Our findings provide a new and novel strategy to direct development of antiaging products and regimens using inhibition or suppression of an arNOX as an analytical end point. We anticipate that the arNOX protein will provide the first ever defined gene product to serve as a facile aging biomarker. Through the use of this biomarker, we can rapidly seek antiaging ingredients and develop nutritional supplements with antiaging properties targeted to the arNOX protein, a major source of ROS in aging populations. Also, it will be possible to evaluate different dietary ingredients and combinations for antiaging properties.

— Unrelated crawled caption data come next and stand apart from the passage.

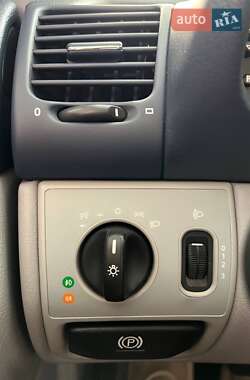 Кабриолет Mercedes-Benz CLK-Class 2000 в 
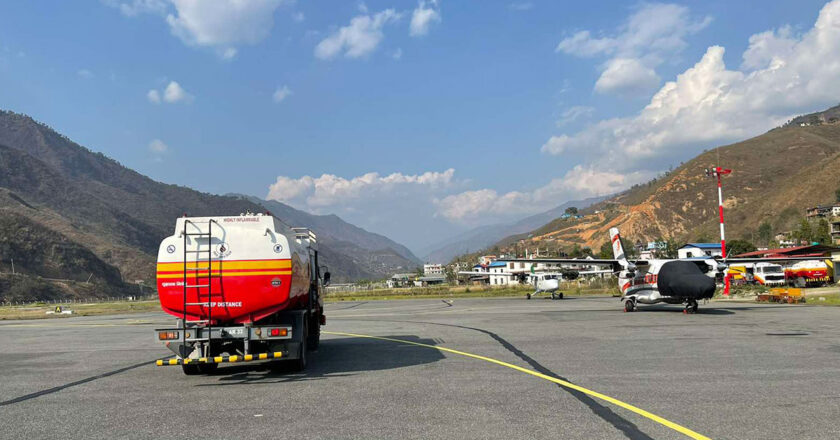 पाइलट कुटाकुट प्रकरण मन्थली विमानस्थलका प्रमुख निलम्बित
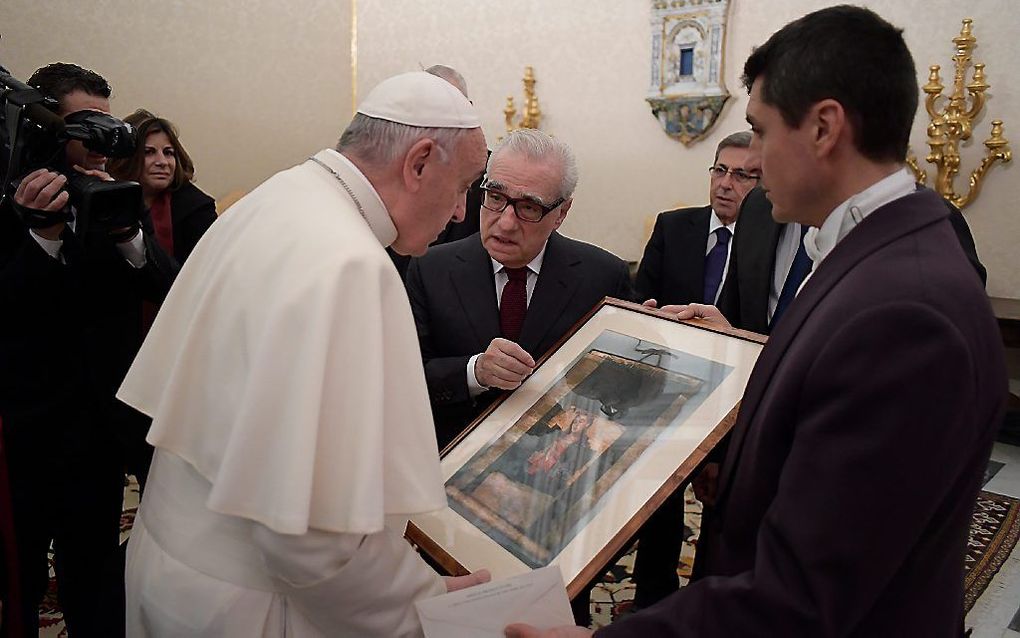 Paus Franciscus ontmoet regisseur Martin Scorsese in Vaticaanstad bij de presentatie van zijn film Silence. beeld AFP/Osservatore Romano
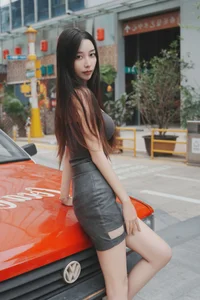 Sophisticated Urban Grace: Yin Zi Er’s Dark Gray Silhouette - image 20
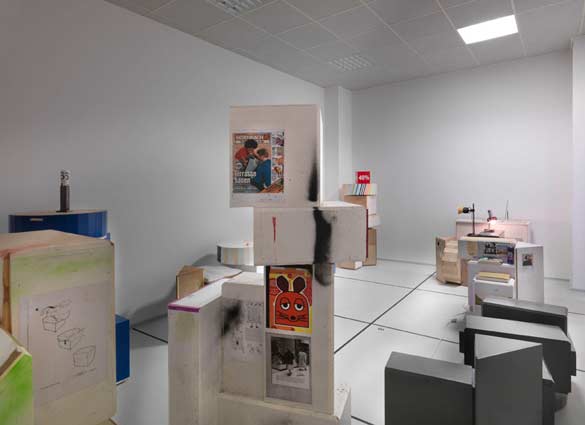 Manfred Pernice, von der stange (2011), Installation view/Vue de l'installation Neuer Berliner Kunstverein, 2011 © Neuer Berliner Kunstverein/Jens Ziehe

arNOX, a member of the ECTO-NOX family of growth-related and time-keeping proteins, is associated specifically with aging cells in culture and in skin and aging cells in general. ¹⁶ The circulating form of arNOX increases markedly in human sera and in lymphocytes of individuals after age 30. ^2,13 The arNOX is uniquely characterized by an ability to generate superoxide (Fig. 1) and, therefore, can contribute significantly to the imbalance between production of ROS and antioxidant defense by producing reactive oxygen at the cell surface to greatly accelerate aging-related changes, including atherogenesis, skin damage, and other action-at-a-distance aging phenomena. ³

The basic premise of our antiaging research is that the arNOX protein provides a molecular target to explain how CoQ₁₀ and other antiaging substances could offer protection to maintain skin vitality and possibly ablate aging related cardiovascular changes. ^1,13,16 arNOX is inhibited by CoQ₁₀, a substance long implicated as having antiaging properties but for which there was no clear biochemical rationale to completely explain its effects.

In addition to sera and perspiration, human saliva contains arNOX activity. Saliva offers an opportunity to readily monitor arNOX in patients and volunteers ¹³ and to monitor responses to supplements.

One priority objective for future work is to develop noninvasive arNOX assays based on arNOX levels in serum and saliva and to apply these assays to identification of at risk populations and individuals and to monitor intervention efficacy. In ongoing work, an inhibitor cocktail consisting of a blend of botanical ingredients has been developed at NOX Technologies, Inc., which appears to slow production of free radicals in the skin associated with arNOX. ¹⁷ The cocktail is currently under evaluation for this purpose. Also under development at NOX Technologies, Inc., is a nutritional supplement based on use of the arNOX protein as the basis for an intervention strategy directed toward reducing aging-related cardiovascular risk.